What will happen to the morning glories? They may be perennial but what if the new people forget to water them two years in a row? What about the lupine? How long can it take neglect and still purple? Gardeners don’t mind dying; we know the seasons much too well for that. We mind not seeing what happens next.

Maybe you groan another way. Most people have a place like the gardener’s curiosity. We feel things that words can’t utter. We lean toward a future we can’t find. We join environmentalists in that groaning.

In an important essay in the May 2 edition of The Nation, Naomi Klein argues that something called capitalism is at war with something called the climate. We know this within our hearts but we don’t really know it yet. We will, after the next tornado terrorizes or the next Sandy strikes.

Klein’s argument is part of the gardener’s groan for the future she can’t quite find.
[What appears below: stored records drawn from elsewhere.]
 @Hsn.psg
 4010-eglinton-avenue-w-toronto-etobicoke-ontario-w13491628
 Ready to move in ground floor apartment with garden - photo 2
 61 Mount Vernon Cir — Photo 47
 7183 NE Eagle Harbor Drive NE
Four themes summarize her viewpoint: “Climate change demands that we consume less, but being consumers is what we know. … Climate change is slow, and we are fast. … Climate change is place-based, and we are everywhere at once. … Climate pollutants are invisible, and we have stopped believing in what we cannot see.”

Klein swears she is not judging us or blaming us but instead helping us recognize that we are products of an industrial project -- one intimately, historically linked to fossil fuels.   She referenced a lecture by farmer-poet Wendell Berry, who said all have a duty to love their “homeplace” above all others.

But what about rootless people who live on their computers and always seem to be shopping for home? 

“Stop somewhere,” Berry replied. “And begin the thousand-year-long process of knowing that place.” 

We would begin by remembering the generations, those as far back as we can go and as far forward as we can imagine. Thus, we home. There we garden. There we plant the seeds and the bulbs and count on their growth to continue long after we are gone.

There we “revise” and “revision” over and over again. By planting for the generations, we find the future whose bloom we won’t see.